When I was very young, maybe nine or ten, I decided to read Huckleberry Finn. By the time I finished the first few pages, I had asked my mom what so many words meant that she suggested maybe I should put the book aside and save it until I was a little older. The book I’m reading now, in Swedish, Anna, Hanna och Johanna, makes me feel just like that, except that I despair of ever having the vocabulary to do more than muddle through with half an understanding.
In an interesting, but not altogether surprising coincidence (we have a history of this sort of thing, my mom and I), my mom bought the English translation of this book at a second-hand store on the very same day that I started reading it myself. I had never mentioned it to her, and I doubt she’d ever heard of the author before picking up the book. How weird is that?
I think I may ask her to send it to me when she’s finished, because even though I want to (and will) read it in the original Swedish, I’m curious about how they’ve translated it–the regional dialect, in particular–to English. Plus, a quick read-through in English could clue me in to all the important nuances I’m bound to miss.
It is such a good book.

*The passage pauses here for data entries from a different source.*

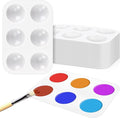 Bercoor 32 PCS Plastic Paint Palettes, 6 Well White Rectangular Watercolor Oil Palette Painting Tray Artist Craft Palettes for Painting Party, DIY Craft and Art Painting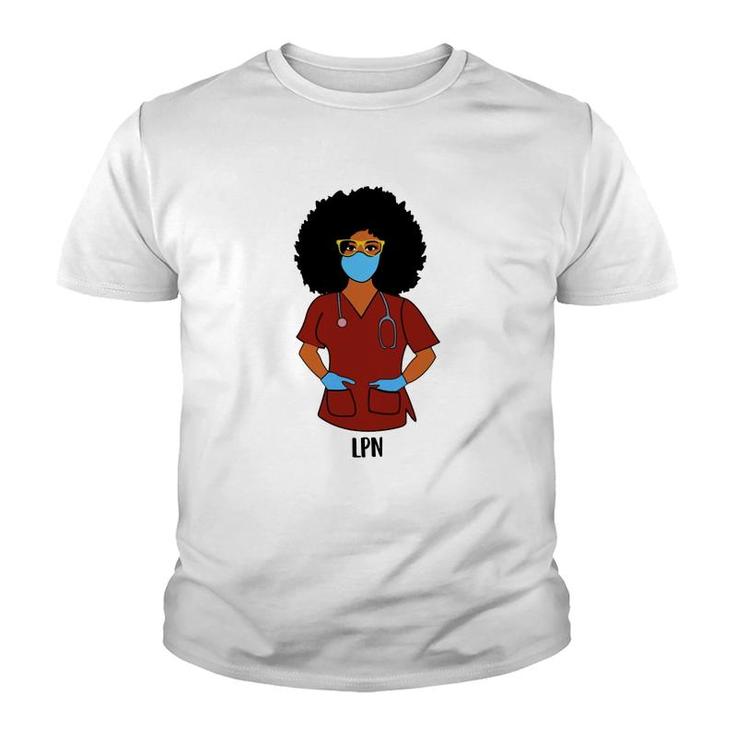 Black History Month Proud Lpn Awesome Nursing Job Title Youth T-shirt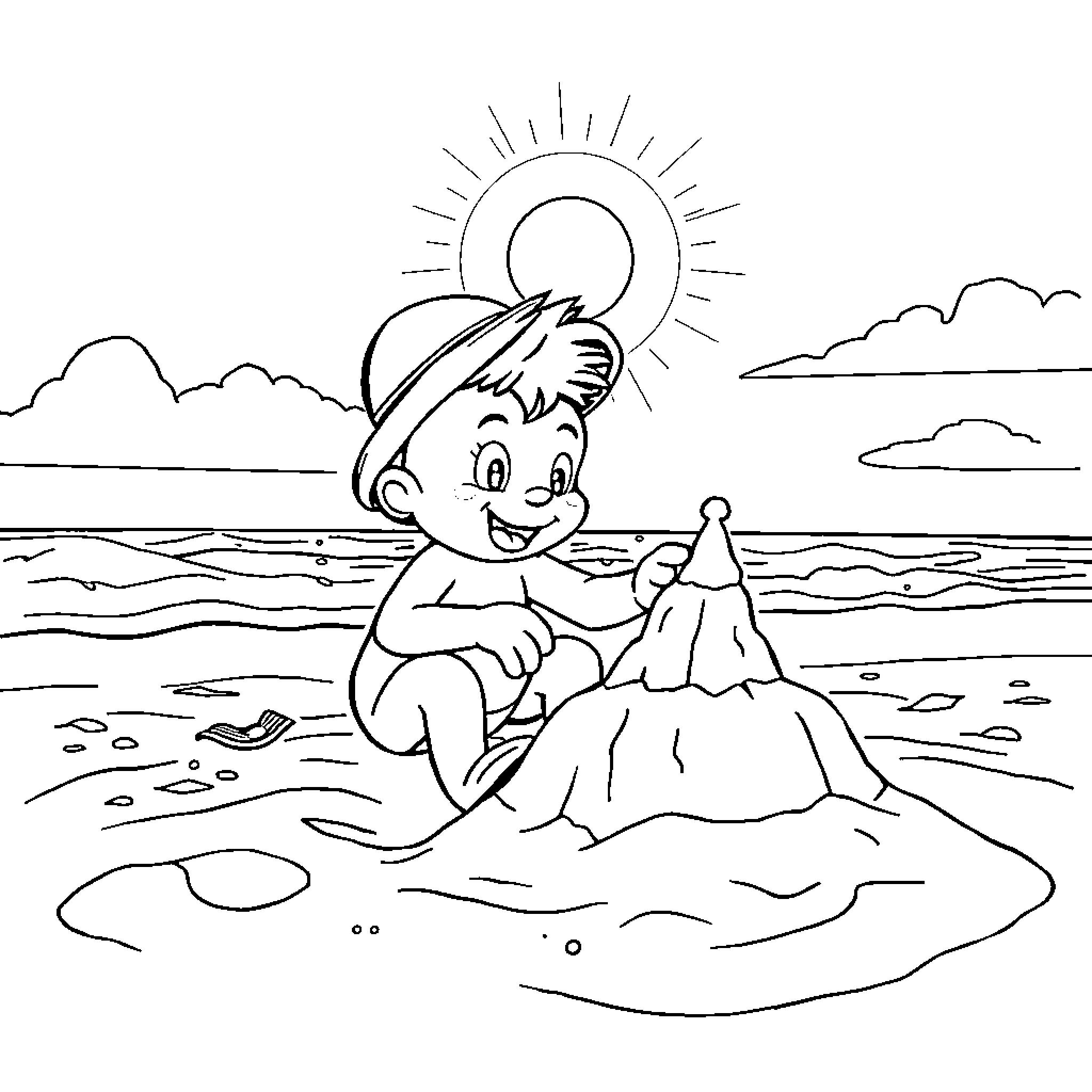 Bluey builds a sandcastle on the beach Coloring Page (free black-and-white line drawing printable PDF for all, from beginners to advanced learners, including children, teens, adults, and seniors)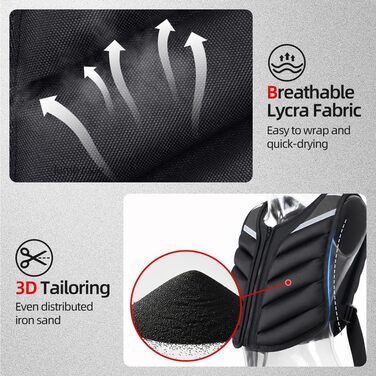Утяжелитель Abahub 4.5 кг (10lb) унісекс з блискавкою та світловідбиваючими смугами для фітнесу, бігу, силових тренувань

I hope you make your way all the way though it in one language or the other.
Would that be Hanna and Her Daughters in English? Or is it a series? Funnily enough, in the post today I received a copy of Simon & The Oaks, also by Marianne Frederiksson. I have borrowed ‘Röda Rummet’ from our local library, without any hope of reading it. I have managed to read a segment of a short story though, by Astrid Lindgren (Draken med de röda ögonen), so it’s something I guess. Good luck with your book 🙂
I’m still plugging away at it, and it is getting a little easier (though even my husband has some trouble with the dialect!). It does feel like it will be a good read (and yes, Rachel, it is that book — I think it’s called Hanna’s Daughters, though).